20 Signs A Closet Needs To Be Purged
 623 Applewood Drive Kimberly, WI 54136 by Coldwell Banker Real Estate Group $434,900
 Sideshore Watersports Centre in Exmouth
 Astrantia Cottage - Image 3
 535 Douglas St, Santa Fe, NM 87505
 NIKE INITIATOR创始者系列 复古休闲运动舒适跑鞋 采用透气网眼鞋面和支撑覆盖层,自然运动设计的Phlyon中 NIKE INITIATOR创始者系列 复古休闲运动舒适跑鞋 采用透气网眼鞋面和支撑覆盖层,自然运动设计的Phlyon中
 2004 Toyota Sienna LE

* **TASK TO COMPLETE**: Retype the whole listing above. Please keep it exact.

* **RESULT**:
20 Signs A Closet Needs To Be Purged
 623 Applewood Drive Kimberly, WI 54136 by Coldwell Banker Real Estate Group $434,900
 Sideshore Watersports Centre in Exmouth
 Astrantia Cottage - Image 3
 535 Douglas St, Santa Fe, NM 87505
 NIKE INITIATOR创始者系列 复古休闲运动舒适跑鞋 采用透气网眼鞋面和支撑覆盖层,自然运动设计的Phlyon中 NIKE INITIATOR创始者系列 复古休闲运动舒适跑鞋 采用透气网眼鞋面和支撑覆盖层,自然运动设计的Phlyon中
 2004 Toyota Sienna LE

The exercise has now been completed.